What the task requires.
Write out exactly the lines of the entries below from the one holding "雷魁有线键盘鼠标套装台式电脑笔记本通用商务办公游戏专用男女" to the one holding "May include: Cream-colored", inclusive, and leave out all other lines.

== Data listing ==

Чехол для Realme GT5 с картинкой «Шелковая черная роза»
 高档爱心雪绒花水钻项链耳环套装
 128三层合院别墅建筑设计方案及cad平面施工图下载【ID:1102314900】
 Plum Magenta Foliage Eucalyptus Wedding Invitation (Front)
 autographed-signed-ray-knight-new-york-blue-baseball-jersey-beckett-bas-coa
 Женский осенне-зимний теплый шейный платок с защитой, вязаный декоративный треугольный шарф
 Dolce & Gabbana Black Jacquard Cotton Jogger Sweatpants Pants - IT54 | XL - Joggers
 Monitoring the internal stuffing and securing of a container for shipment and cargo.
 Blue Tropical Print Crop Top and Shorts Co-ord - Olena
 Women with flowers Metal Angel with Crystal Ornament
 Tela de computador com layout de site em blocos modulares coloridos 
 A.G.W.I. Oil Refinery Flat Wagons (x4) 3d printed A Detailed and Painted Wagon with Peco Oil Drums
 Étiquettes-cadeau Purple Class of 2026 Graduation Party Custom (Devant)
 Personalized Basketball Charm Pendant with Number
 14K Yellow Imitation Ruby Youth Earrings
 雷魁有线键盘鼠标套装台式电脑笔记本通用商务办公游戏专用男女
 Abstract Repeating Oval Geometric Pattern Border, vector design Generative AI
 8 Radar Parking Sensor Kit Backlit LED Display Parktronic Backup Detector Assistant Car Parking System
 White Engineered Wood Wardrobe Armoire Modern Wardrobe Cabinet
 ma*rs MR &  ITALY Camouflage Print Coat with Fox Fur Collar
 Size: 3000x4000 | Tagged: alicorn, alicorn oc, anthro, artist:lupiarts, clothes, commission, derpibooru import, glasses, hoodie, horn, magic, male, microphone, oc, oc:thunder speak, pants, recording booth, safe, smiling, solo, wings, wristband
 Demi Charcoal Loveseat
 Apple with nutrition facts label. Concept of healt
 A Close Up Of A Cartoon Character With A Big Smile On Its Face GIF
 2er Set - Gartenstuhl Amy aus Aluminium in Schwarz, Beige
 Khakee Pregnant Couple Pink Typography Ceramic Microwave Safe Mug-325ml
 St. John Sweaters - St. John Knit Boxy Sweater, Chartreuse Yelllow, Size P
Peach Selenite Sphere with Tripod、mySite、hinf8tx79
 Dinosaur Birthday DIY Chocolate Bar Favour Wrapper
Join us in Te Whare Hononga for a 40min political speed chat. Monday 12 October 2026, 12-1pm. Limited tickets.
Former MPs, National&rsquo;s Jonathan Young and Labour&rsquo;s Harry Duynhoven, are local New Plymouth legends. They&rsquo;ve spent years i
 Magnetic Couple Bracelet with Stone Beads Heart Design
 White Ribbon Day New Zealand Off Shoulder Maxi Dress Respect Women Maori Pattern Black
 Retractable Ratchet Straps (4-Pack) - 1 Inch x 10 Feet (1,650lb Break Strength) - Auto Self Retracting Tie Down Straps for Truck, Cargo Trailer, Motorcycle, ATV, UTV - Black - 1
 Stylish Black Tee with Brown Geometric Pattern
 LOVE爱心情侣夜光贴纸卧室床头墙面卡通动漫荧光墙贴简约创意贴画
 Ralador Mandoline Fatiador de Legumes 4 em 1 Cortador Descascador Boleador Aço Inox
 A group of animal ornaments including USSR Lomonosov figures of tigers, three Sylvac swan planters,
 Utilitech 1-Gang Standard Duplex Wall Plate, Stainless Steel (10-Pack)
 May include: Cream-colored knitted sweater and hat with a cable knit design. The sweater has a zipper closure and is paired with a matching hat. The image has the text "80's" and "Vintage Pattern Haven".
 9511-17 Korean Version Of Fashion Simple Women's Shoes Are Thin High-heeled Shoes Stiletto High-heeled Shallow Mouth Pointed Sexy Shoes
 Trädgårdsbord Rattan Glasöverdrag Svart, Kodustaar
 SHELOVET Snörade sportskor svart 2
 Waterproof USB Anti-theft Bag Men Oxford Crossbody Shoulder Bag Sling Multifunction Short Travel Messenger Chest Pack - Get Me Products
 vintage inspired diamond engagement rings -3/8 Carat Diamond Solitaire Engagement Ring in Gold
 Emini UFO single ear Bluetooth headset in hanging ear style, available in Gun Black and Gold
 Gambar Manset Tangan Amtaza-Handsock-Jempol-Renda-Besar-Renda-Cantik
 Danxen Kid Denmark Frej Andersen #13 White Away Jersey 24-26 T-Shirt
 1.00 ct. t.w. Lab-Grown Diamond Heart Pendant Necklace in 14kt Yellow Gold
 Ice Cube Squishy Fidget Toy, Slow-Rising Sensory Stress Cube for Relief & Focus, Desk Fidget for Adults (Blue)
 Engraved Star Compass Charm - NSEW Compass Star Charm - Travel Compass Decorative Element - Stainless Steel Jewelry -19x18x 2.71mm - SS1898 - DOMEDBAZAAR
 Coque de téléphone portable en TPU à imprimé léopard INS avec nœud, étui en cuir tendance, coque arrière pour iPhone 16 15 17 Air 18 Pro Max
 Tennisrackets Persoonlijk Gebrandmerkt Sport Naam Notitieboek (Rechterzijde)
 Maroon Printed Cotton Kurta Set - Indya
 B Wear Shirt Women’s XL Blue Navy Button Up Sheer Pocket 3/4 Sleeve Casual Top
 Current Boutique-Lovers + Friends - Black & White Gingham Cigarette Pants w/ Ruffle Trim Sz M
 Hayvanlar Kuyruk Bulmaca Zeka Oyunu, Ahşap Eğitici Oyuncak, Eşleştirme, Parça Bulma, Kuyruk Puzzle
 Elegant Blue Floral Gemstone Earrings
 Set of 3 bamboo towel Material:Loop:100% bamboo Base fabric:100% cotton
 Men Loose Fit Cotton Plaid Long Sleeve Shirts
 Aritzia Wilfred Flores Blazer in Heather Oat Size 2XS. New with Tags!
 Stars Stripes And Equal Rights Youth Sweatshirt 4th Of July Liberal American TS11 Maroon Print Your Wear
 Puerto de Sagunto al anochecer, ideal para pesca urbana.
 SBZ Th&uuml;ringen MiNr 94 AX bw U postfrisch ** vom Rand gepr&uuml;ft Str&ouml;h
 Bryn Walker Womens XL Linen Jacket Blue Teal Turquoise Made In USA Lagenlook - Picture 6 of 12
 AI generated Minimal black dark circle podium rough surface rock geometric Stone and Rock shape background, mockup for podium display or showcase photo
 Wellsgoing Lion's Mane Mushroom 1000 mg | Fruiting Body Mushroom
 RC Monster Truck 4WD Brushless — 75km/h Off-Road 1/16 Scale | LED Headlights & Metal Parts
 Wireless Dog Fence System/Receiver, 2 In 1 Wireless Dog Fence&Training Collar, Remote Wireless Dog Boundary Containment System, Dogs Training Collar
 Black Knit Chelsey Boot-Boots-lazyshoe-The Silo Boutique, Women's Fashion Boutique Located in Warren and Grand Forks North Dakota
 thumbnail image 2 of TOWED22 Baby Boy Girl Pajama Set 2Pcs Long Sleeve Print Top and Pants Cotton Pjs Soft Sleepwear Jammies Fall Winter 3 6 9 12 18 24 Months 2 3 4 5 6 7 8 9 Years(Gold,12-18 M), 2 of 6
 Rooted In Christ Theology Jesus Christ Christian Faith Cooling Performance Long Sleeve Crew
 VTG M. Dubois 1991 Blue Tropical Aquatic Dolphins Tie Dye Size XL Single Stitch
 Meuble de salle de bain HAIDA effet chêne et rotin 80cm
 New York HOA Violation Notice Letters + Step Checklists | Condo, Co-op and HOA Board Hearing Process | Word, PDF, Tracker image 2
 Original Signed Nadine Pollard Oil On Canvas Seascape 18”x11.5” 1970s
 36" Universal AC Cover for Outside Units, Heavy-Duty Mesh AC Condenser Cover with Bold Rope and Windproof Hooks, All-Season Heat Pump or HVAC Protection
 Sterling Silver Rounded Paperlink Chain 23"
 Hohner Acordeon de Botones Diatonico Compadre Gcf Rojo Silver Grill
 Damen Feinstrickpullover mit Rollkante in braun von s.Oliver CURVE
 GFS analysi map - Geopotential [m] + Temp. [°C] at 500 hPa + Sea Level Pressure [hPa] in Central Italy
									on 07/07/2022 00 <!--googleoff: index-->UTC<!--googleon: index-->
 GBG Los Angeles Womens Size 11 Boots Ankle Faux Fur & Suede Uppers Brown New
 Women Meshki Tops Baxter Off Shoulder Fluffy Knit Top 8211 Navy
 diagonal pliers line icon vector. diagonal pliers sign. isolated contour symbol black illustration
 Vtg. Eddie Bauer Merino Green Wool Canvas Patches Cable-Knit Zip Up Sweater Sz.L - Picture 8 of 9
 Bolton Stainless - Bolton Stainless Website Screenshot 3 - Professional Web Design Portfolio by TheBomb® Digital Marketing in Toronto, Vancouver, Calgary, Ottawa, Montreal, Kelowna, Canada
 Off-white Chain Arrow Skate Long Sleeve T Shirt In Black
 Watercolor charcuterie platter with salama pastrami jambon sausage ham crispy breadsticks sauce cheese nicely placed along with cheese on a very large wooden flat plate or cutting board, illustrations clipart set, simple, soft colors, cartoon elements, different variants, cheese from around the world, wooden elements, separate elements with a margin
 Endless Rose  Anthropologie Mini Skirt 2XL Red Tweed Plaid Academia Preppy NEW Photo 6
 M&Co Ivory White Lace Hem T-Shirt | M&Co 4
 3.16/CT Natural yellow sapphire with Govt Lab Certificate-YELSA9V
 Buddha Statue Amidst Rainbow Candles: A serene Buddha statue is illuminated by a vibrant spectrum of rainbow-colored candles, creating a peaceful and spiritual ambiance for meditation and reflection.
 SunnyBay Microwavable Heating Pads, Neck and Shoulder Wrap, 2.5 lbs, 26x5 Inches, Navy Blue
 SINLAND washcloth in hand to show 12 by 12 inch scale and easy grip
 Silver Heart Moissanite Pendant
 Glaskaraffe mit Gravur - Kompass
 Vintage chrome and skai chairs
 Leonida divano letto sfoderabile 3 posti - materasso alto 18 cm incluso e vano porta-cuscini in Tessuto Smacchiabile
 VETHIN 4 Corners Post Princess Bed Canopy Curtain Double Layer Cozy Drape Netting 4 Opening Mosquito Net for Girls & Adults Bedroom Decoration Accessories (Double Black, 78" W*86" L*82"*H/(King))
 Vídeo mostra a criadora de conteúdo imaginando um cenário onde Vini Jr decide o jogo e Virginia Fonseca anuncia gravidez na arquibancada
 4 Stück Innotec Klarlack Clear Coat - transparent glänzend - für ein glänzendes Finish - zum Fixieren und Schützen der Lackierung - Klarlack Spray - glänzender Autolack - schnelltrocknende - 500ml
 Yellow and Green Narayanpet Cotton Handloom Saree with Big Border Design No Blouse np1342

===

Reply to the task.
 雷魁有线键盘鼠标套装台式电脑笔记本通用商务办公游戏专用男女
 Abstract Repeating Oval Geometric Pattern Border, vector design Generative AI
 8 Radar Parking Sensor Kit Backlit LED Display Parktronic Backup Detector Assistant Car Parking System
 White Engineered Wood Wardrobe Armoire Modern Wardrobe Cabinet
 ma*rs MR &  ITALY Camouflage Print Coat with Fox Fur Collar
 Size: 3000x4000 | Tagged: alicorn, alicorn oc, anthro, artist:lupiarts, clothes, commission, derpibooru import, glasses, hoodie, horn, magic, male, microphone, oc, oc:thunder speak, pants, recording booth, safe, smiling, solo, wings, wristband
 Demi Charcoal Loveseat
 Apple with nutrition facts label. Concept of healt
 A Close Up Of A Cartoon Character With A Big Smile On Its Face GIF
 2er Set - Gartenstuhl Amy aus Aluminium in Schwarz, Beige
 Khakee Pregnant Couple Pink Typography Ceramic Microwave Safe Mug-325ml
 St. John Sweaters - St. John Knit Boxy Sweater, Chartreuse Yelllow, Size P
Peach Selenite Sphere with Tripod、mySite、hinf8tx79
 Dinosaur Birthday DIY Chocolate Bar Favour Wrapper
Join us in Te Whare Hononga for a 40min political speed chat. Monday 12 October 2026, 12-1pm. Limited tickets.
Former MPs, National&rsquo;s Jonathan Young and Labour&rsquo;s Harry Duynhoven, are local New Plymouth legends. They&rsquo;ve spent years i
 Magnetic Couple Bracelet with Stone Beads Heart Design
 White Ribbon Day New Zealand Off Shoulder Maxi Dress Respect Women Maori Pattern Black
 Retractable Ratchet Straps (4-Pack) - 1 Inch x 10 Feet (1,650lb Break Strength) - Auto Self Retracting Tie Down Straps for Truck, Cargo Trailer, Motorcycle, ATV, UTV - Black - 1
 Stylish Black Tee with Brown Geometric Pattern
 LOVE爱心情侣夜光贴纸卧室床头墙面卡通动漫荧光墙贴简约创意贴画
 Ralador Mandoline Fatiador de Legumes 4 em 1 Cortador Descascador Boleador Aço Inox
 A group of animal ornaments including USSR Lomonosov figures of tigers, three Sylvac swan planters,
 Utilitech 1-Gang Standard Duplex Wall Plate, Stainless Steel (10-Pack)
 May include: Cream-colored knitted sweater and hat with a cable knit design. The sweater has a zipper closure and is paired with a matching hat. The image has the text "80's" and "Vintage Pattern Haven".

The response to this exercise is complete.